El portero soltó un gruñido, intentando regresar, pero se lo impedí.
-¡La señora necesita ayuda! –gritó, pero yo negué con la cabeza.
-¡No! ¡Quiere matarme! –grité.
-¡Quiere ayuda! –insistió Tom y yo dudé, no entendiendo como no podía ver al monstruo que yo veía. ¿Acaso no veía los pelos de serpiente o los dientes anormalmente puntillados? ¿No veía tampoco los ojos viperinos y verdes? ¡¿Cómo no podía ver las piernas de gallina?!
Oh, demonios, yo tampoco había visto las patas de gallina.
-¡Tenemos que irnos! –grité, siguiendo insistiendo para sacarlo de allí, cuando un cuchillo voló a solo centímetros de mi cara, golpeando la puerta y haciéndome escapar un chillido.

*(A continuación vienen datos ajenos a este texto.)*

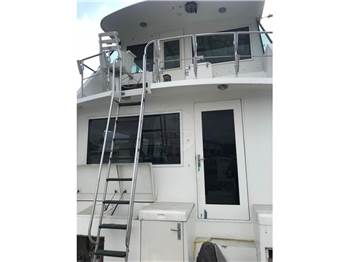 Hatteras Yachts Hatteras 65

Incluso Tom gritó, saltando de pura sorpresa.
-¡No vas a huir! ¡Te alcanzaremos y te mataremos! –rugió, agarrando otro cuchillo. ¿En serio? ¿Tenían que tener cuchillos?
-¡Sal y corre, Tom! –volvía a gritar, arrancando el cuchillo de la puerta y esta vez el portero no discutió, huyendo despavorido a la calle gritando algo sobre mujeres endemoniadas.
Yo tiré el cuchillo a mi bolso y corrí hacia afuera, justo a tiempo para ver a la otra señora estrellándose en el piso frente a las escaleras. De seguro volar no se les hacía tan fácil en el espacio reducido, pensé.
-¡Huye! –le chilló la otra, señalándome y yo volví en sí, saltando lo mejor que pude los escalones (afortunadamente no me rompí un pie) y corrí a mi moto, la cual había dejado aparcada sobre la acera. Era preciosa, una Yamaha negra; pero ahora no tiempo para contemplarla. Era tiempo de una huida desesperada. Me monté, cazado el casco y poniéndolo mientras encendía el motor, haciéndolo rugir antes de meterme al transito a toda velocidad.